Traditional chicken cordon bleu is one of my favorite “classic” dishes. With this adapted grilled version, I feel a little less guilty enjoying it. It can be served with a tossed green salad with a light vinaigrette and rice pilaf.
You may prefer to substitute these side dishes, but keep the side dishes light. Although the grilled version has fewer calories when compared to the traditional version, it is still heavy on flavor.
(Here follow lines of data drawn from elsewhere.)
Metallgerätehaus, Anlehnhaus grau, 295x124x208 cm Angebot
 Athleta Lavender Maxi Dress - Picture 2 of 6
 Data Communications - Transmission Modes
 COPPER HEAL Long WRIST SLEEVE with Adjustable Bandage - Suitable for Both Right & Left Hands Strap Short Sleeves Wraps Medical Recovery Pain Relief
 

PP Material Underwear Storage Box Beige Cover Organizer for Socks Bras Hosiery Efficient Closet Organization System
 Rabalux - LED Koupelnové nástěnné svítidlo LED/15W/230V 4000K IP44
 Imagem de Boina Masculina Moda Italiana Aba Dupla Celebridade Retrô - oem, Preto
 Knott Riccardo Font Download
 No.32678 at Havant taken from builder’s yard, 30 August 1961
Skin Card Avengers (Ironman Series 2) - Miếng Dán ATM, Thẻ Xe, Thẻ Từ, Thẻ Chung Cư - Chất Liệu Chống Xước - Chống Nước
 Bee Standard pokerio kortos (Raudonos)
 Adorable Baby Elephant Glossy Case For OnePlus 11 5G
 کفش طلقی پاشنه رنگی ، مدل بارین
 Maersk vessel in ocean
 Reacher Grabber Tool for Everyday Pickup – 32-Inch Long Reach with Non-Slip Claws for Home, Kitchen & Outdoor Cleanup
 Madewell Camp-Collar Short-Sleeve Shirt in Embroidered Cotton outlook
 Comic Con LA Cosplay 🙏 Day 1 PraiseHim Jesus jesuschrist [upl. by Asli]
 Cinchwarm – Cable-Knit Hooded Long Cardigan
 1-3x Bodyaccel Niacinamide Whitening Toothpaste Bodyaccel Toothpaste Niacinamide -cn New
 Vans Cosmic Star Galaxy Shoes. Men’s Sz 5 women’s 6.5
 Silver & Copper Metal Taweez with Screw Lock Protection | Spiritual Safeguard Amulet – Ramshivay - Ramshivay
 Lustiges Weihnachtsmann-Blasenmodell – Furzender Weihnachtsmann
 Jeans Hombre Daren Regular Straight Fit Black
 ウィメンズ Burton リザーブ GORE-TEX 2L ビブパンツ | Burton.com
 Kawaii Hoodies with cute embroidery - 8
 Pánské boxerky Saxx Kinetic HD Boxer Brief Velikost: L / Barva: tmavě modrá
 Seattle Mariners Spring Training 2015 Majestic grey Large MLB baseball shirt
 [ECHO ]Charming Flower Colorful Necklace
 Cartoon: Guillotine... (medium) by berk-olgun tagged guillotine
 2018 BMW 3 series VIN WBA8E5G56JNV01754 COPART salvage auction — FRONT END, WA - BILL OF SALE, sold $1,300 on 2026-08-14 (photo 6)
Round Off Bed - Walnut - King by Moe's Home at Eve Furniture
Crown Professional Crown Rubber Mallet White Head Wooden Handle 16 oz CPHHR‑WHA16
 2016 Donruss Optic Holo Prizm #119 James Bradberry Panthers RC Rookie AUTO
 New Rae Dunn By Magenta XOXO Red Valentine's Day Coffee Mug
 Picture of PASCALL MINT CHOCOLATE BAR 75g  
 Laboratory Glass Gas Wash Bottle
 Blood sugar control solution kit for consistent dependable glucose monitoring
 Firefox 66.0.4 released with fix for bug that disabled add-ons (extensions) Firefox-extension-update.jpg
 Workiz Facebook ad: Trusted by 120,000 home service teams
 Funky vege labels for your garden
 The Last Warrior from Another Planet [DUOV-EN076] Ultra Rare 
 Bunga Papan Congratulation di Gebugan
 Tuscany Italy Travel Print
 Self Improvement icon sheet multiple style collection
The recipe I have included for both versions is the same, but the preparation methods are different.Grilled Chicken Cordon Bleu
From Mitch Mariani
Serves 4
4 boneless and skinless chicken breast (excess fat removed, washed and dried)
4 slices of cheese (Swiss, Monterey Jack or Gruyere)
4 slices of black forest ham
salt and pepper to taste
2 tablespoons dijon mustard
STUFFED METHOD
Step 1: With a very sharp knife, slice a pocket into the side of the chicken breasts. Fill the pocket with a slice of cheese and ham. Salt and pepper the outside of the chicken breast.
Step 2: Grill the stuffed chicken breast over medium heat, turning occasionally. Grill for 20 minutes.
Step 3: Brush both sides of the stuffed chicken breast with the dijon mustard and continue grilling and turning for an additional 10 minutes until the cheese has melted and the chicken juices run clear. The cheese and ham inside the chicken breast need to register 165 degrees on an instant read thermometer.
LAYERED METHOD
Step 1: Salt and pepper both sides of the chicken breasts.
Step 2: Over medium heat, briefly grill the slices of ham. About 45 to 60 seconds on each side. Remove the ham from the grill.
Step 3: Grill the chicken for 15 minutes, turning occasionally. Brush one side with the dijon mustard and turn that side over and expose it to the direct heat and grill for five minutes. After the five minutes has passed, brush the other side with Dijon mustard and turn that side to expose it to the direct head. Immediately, add the grilled ham and cheese on top of the grilled chicken breast, and cover the grill with the lid.
Step 4: Allow the chicken to finish grilling with the dijon mustard for its five minutes. In this time, the ham will also be heated and the cheese will melt.